The one subject that I hated through most of school, but really love now, is maths.
To be fair, my hatred of the subject may have stemmed not from the subject itself, but the way it was taught. I had a succession of terrible maths teachers from middle school to all the way till first year of undergrad.
Even at B-school, one of the best institutes in India, I had a terrible stats prof – his preferred mode of lectures was to dictate a problem, and then walk around the class dictating his solution. Everyone took notes. I doodled. He treated students like young kids who needed to be spoon-fed the solutions. Most students loved him – they were young kids who wanted to be spoon-fed the solutions.

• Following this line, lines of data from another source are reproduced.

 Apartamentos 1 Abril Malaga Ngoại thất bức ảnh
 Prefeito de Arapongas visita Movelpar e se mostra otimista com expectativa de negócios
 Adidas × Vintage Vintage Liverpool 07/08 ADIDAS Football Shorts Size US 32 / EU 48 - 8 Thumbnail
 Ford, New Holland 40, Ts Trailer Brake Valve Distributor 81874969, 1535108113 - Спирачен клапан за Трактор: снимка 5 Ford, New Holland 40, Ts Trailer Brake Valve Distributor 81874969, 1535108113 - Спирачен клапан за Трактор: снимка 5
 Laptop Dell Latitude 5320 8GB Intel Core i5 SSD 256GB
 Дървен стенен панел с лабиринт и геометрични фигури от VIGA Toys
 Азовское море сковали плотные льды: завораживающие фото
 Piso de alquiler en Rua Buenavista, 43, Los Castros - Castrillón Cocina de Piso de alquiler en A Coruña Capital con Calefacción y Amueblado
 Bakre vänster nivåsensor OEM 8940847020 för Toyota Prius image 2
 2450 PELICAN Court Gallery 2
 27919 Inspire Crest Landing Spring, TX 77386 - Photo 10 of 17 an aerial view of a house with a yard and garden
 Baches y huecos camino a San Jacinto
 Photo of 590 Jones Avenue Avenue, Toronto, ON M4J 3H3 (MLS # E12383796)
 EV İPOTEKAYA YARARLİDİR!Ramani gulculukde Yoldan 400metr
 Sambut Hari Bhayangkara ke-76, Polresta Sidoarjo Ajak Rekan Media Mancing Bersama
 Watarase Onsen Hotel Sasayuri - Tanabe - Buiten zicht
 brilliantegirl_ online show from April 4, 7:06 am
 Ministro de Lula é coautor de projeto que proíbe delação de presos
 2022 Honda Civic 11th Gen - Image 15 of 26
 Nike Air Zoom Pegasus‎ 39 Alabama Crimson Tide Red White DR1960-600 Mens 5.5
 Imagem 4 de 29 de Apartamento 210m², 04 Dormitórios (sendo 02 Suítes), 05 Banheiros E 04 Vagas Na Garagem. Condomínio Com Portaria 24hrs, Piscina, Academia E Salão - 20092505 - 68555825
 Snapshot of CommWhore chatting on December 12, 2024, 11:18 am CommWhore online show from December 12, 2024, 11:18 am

I just doodled through his lectures.
How do I know I didn’t really hate maths then? Because I loved Physics – specially the numerical bits. When I studied by myself, or later, I also loved statistics and calculus. I still do.
I had good physics teachers. I had good stats and economics teachers.
I was happy working on calculus in Physics, but hated Maths.
I was happy working on statistics anywhere, but in Maths.
There may be another reason apart from lack of good teachers – practical applicability. When I studied calculus in maths, it was just calculus, with no (initially) direct relation to life-as-we-see-it. In physics, it was the rate of change of forces (differential), or total energy dissipated based on observed variable (integral).
Statistics, specially when we graduated from discrete to continuous, was even more applicable/understandable in life-as-we-see-it.
Whatever the reasons, I’m just glad that I didn’t let the hatred of the subject (title?) turn into a hatred of the subject matter. Little did I know then that behind the surface, the basis of all the subjects that I liked, was maths.